WEI_thumbQ: Under Vista Ultimate, my computer earned a Windows Experience Index of 5.9. (I expected that because I own a Dell Precision M6400 mobile workstation that’s maxed out in performance. When I did an upgrade install of Windows 7 RC (Build 7100), I was disappointed to see the Performance Experience Index remain at 5.9. I thought it would increase to 7.9. Is there a problem with Windows 7 RC on an upgrade install?

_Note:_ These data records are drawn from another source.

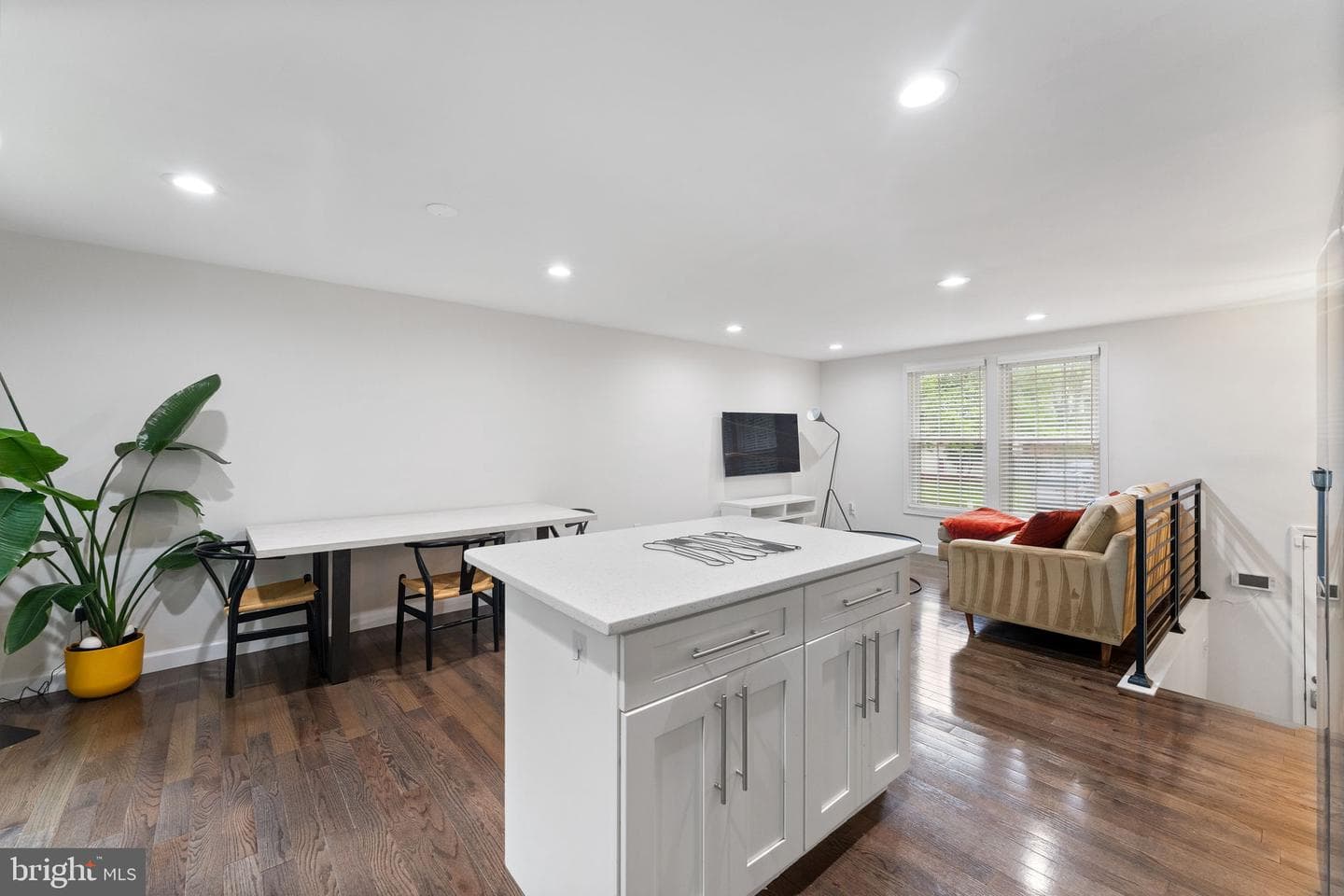 3613 Key Turn Street photo 17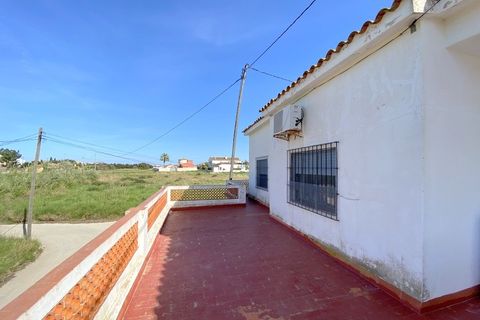 Villa i Denia, Alicante, Denia - € 1.100.000 | Ref: NCB3616 - foto 23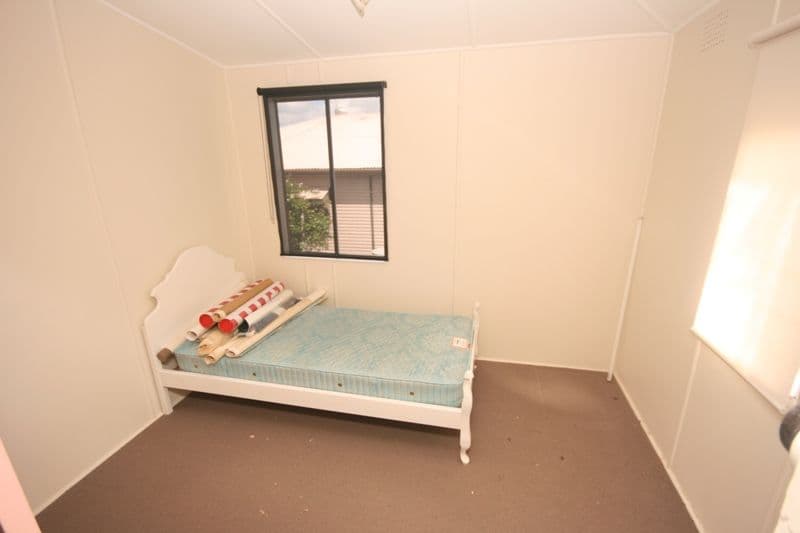 69 Tyson Street, SOUTH GRAFTON NSW 2460, South Grafton - Thumbnail 5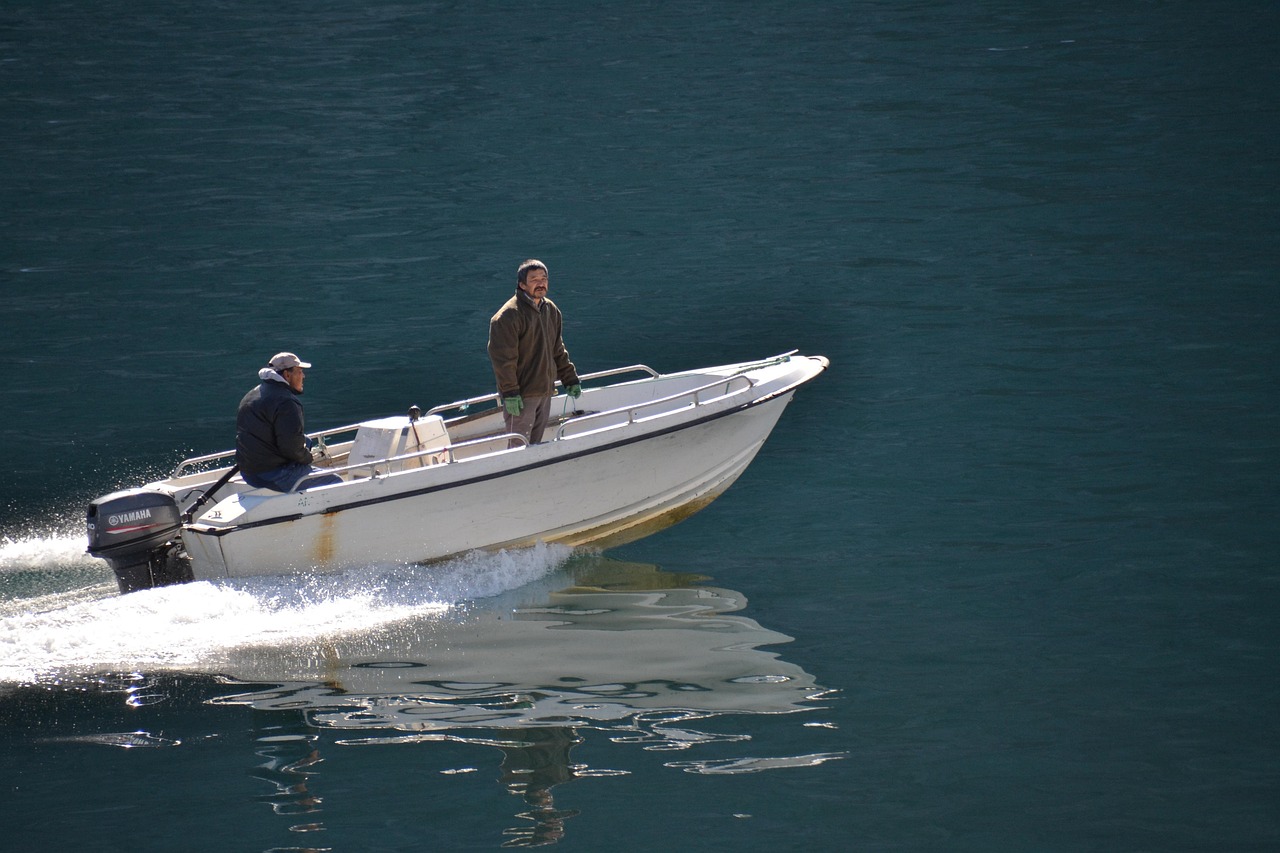 Colossenses 3: Texto, Significado e Como Viver a Vida Nova em Cristo - imagem 4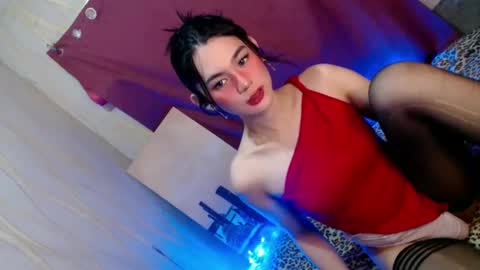 ariane online show from 01-03-25, 11:44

A: First, a little background. Microsoft introduced the Windows Experience Index with Windows Vista. It’s a number that lets shoppers see how PCs matches up against each other in terms of speed, memory, processing power, and graphics. To see your PC’s Windows Experience Index, click the Start button, right-click Computer and choose Properties. By comparing numbers on the showroom floor, shoppers can more easily see the strengths and weaknesses of different PCs.

WEIThe Windows Experience Index shown to the left lists this PC as rating 4.4. In Windows Vista, PCs ranked anywhere from 1.0 to 5.9, and your PC ranked at the top. However, Microsoft changed the rankings with Windows 7, ranking PCs on a scale between 1.0 and 7.9.

Although your PC ranked tops on Windows Vista’s scale, several things could be responsible for it not reaching the top of Windows 7’s scale:

  • Drivers. Manufacturers tweak their drivers with each release of Windows, and it’s possible one of your PC’s parts is still using a beta driver. When a newer driver arrives that’s optimized for Windows 7, your PC might earn a higher score.
  • Laptop. Your PC may be top-of-the line, but it’s a laptop, and laptops can never compete with top-of-the-line PCs. Today’s more powerful desktop PCs might have nudged your laptop out of the top ranks and into a slightly lower ranking.
  • Age. Microsoft designed the Windows Experience Index to change constantly over the years, adjusting for newer PCs and their faster performance. What ranked at the top of the scale last year probably won’t rank at the top of the scale in Windows 7.

So, although the difference in scores could lie with a beta driver, the ranking probably stems from your laptop being about a year old. It’s a workhorse, no doubt, but it’s no longer as powerful as the PCs hitting today’s market.